The fastening device illustrated makes it possible to simultaneously attach and detach two buckets (120a and 120b) placed opposite each other substantially symmetrically in relation to a plane P1. It comprises, associated with each bucket, placed substantially symmetrically in relation to a plane P2 which must be made to coincide with P1 (in this case, the common plane is indicated by P), an “elementary” fastener device according to the invention, suitable for fixing only one collecting container (120). Throughout the following, the structural elements of the elementary device are indicated with a reference number but, when they are illustrated on only one of the devices associated with said buckets, they are indicated with a reference number, followed by an a or a b depending on the bucket concerned.

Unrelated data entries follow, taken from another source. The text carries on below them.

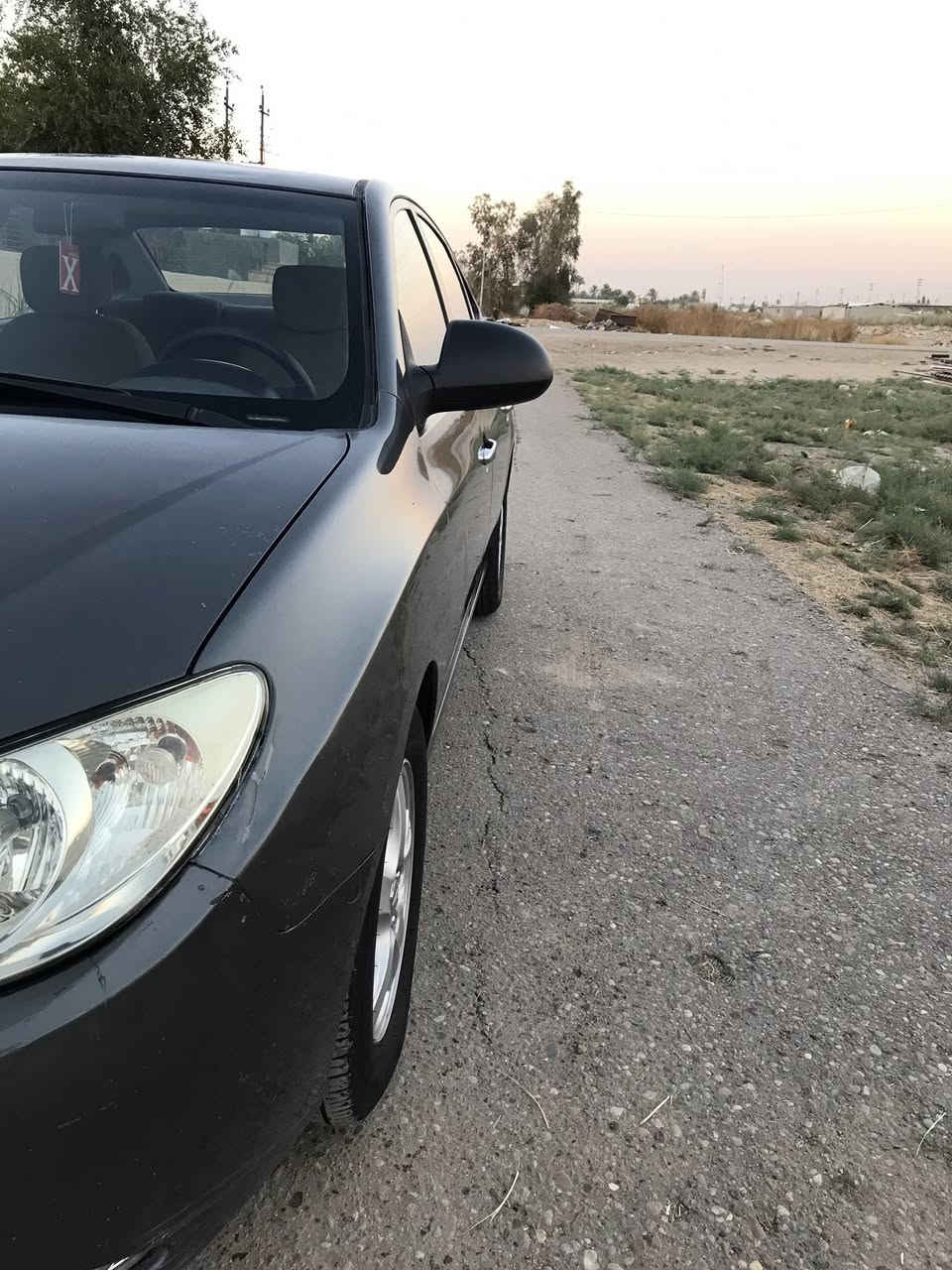 السلام عليكم هيونداي النترا 2008 رقم بغداد انگليزي بأسمي سنويه لحد 2029 هزه جديده السياره بيها اربع قطع صبغ اثر شخوط محرك 2000 دوش  تبريد شغال  تدفئه شغاله 
السياره تخم تاير جديد 4 ويل كب حجم 15 يدات نيكل فتحه سقف تحكم مري شاشه السيارة جاهزه من كلشي 
السعر 98 وبيها مجال بسيط 
للاستفسار الاتصال على الارقام التاليه 
كورك /***********
اسيا /***********
المكان المحموديه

For each bucket (120), the fastening device includes:

• • a. a pivot-member (115), assembled so as to swivel around the axis (500) on the end of the shovel stem (9″) and including:
    • a first transverse arm (116), here duplicated as two flanges (116b, 116′b) used as support for a first fixing means (117), which is here a tenon (117b);
    • a second transverse arm (118), provided with a first group (119) of 2 bores aligned along a direction parallel to the axis (500), including a first flange (1180) bearing a large diameter cylindrical bore (1190) and a second flange (1181) bearing a small diameter cylindrical bore (1191);
  • b. a set of fasteners on the bucket (120), including a pair of fasteners (121b, 121′b) and a fastener (123):
    • each fastener (121b, 121′b) of the pair of fasteners is provided with a second fixing means (122), here, a slot (122b). The tenon (117b) and the opening (122b) work in conjunction so that, when said tenon comes into contact with a first wall (1221b) bordering said slot, the pivot-member (115b) is made to swivel following the closing direction, so that said tenon leaves this first contact, and moves as far as a second contact on the wall (1222b) which forms the other edge of said slot. This second edge guides the tenon during rotation of the pivot-member until it comes up against the bottom (1220b) of said slot;
    • the other fastener (123) is provided with a second group (124) of bores including a conical bore (1240) directed along a direction parallel to the axis. Said fastener is placed on the bucket so that when the pivot-member (11Sb) swivels in said closing direction until the tenon (117b) comes up against the bottom (1220b) of the slot (122b), the 2 bores (1190 and 1191) of the first group of bores and the conical bore (1240) are substantially aligned along a common axial direction; the conical bore (1240), placed in the middle of two cylindrical bores (1190 and 1191) of the other group, is said to be “central”, while cylindrical bores are said to be “peripheral”; the adjectives “conical” and “central” will therefore be used indifferently to qualify the bore which is surrounded by other bores and the adjectives “cylindrical” and “peripheral” indifferently to qualify the bores which surround the central bore;
  • c. a pin (130), designed to be inserted and to slide inside the alignment of the large diameter bore (1190), the conical bore (1240) and the small diameter bore (1191), is a twin cylindrical shaft with a conical shoulder including:
    • two cylindrical parts (131, 132), each cylindrical part having a diameter substantially equal to, slightly lower than the diameter of the peripheral bore (1191, 1190 respectively) in which it is designed to slide,
    • and a conical intermediate part (133), the slope of which is similar to that of said conical bore (1240).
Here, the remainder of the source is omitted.